The flowering plant Cannabis sativa, known most commonly as marijuana, is one of the first plants to be used for therapeutic and recreational use and even the occasional religious ceremony. Records of medicinal use date back as far as 5,000 years in China with therapeutic uses such as pain relief, mood stabilization, and reduced nausea documented during this time. However, scientific research didn’t begin until the early 20th century when the major constituents of cannabis, phytocannabinoids, were first characterized. The first of these plant cannabinoids, Cannabinol (CBN) and Cannabidiol (CBD), were isolated approximately 80 years ago. The versatility of cannabis’s effects didn’t begin to be unveiled until the isolation and partial synthesis of the phytocannabinoid ∆9-tetrahydrocannabinol (THC) about 30 years later. From the approximate 550 total compounds currently identified in cannabis, 144 are phytocannabinoids, and THC is considered the primary psychoactive component of the plant.

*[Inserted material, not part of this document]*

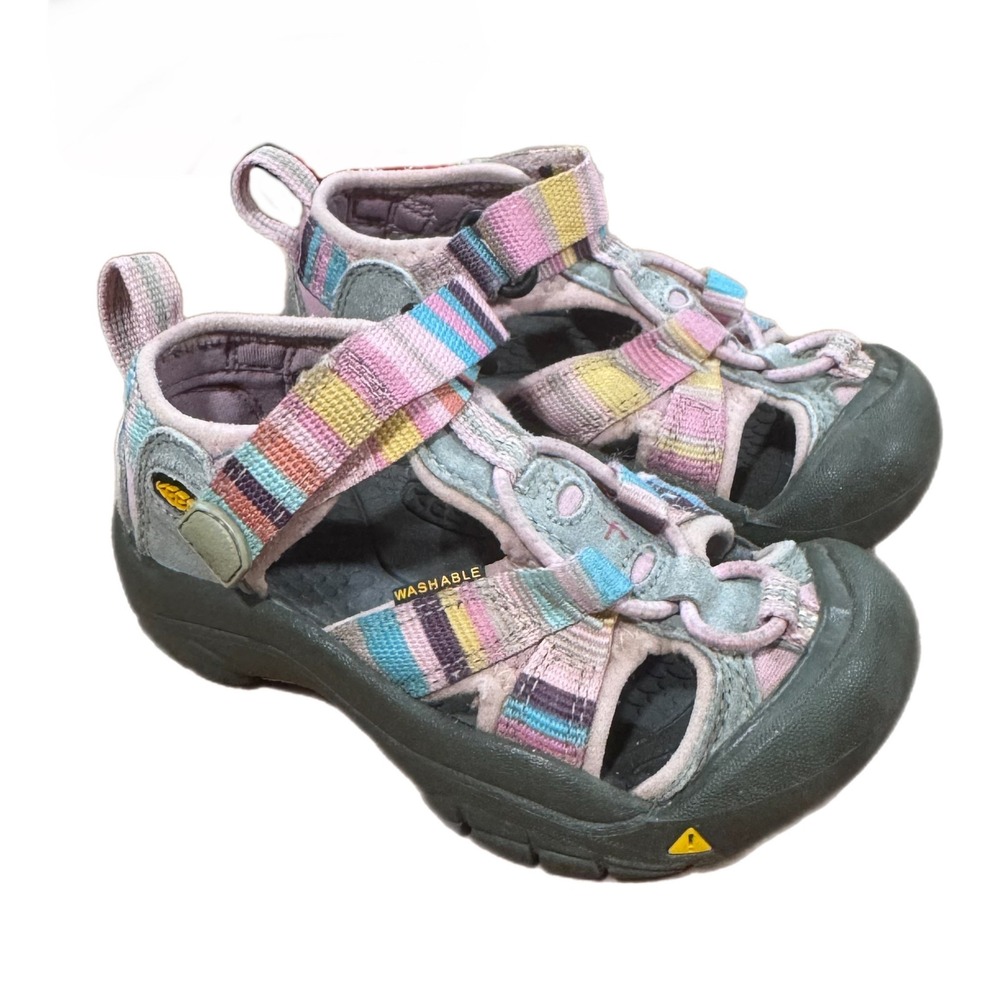 KEEN Youth Venice H2 sandals Pink Blue Striped Water Shoes Size 8 US Toddler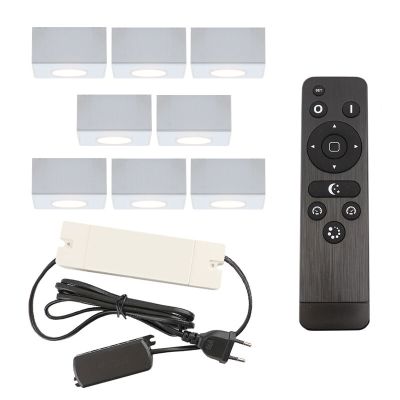 8 faretti da superficie bianchi quadrati per veranda Fredo, IP44, con set di connessione e telecomando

With further identification and understanding of phytocannabinoids, the idea of the presence or absence of cannabinoid receptors (CBRs) became a debated topic in the field. The discovery and synthesis of THC paved the way for the construction of high potency synthetic cannabinoids with similar structures to natural phytocannabinoids. The availability and use of these synthetic cannabinoids directed research to answering the question of the existence of endogenous CBRs. Evidence of their presence was first demonstrated by the ability of cannabinoids to inhibit cAMP formation, a Gi/Go protein pathway that is turned on through GPCR surface proteins. This was followed by the successful cloning of the first CBR, cannabinoid receptor 1 (CB1R), from mammalian brain, followed closely by the identification of a second CBR, eventually named cannabinoid receptor 2 (CB2R), which was cloned from immune tissue.

With these newly discovered CBRs, ligands that are naturally expressed in the body, N-arachidonoyl-ethanolamine (AEA; anandamide) and 2-arachidonoylglycerol (2-AG), that bind these surface proteins were isolated and named endogenous cannabinoids or endocannabinoids. These two originally identified molecules remain the best studied endocannabinoids in the field. They are endogenous lipids whose precursors are present in the cell membrane and when needed can be released from the lipid bilayer, converted into endocannabinoids through enzyme reactions, and released into the extracellular space as neuromodulators. The efficacy of each endogenous CBR agonist varies. 2-AG has high efficacy for both CB1R and CB2R while anandamide has low efficacy for CB1R and extremely low efficacy for CB2R. These endocannabinoids, their corresponding CBRs, and relevant enzymes comprise the endocannabinoid system. This system remains a research field of high interest in terms of further exploration of canonical, noncanonical, and adjacent signaling pathways and the potential development of these pathways for therapeutic and medical use.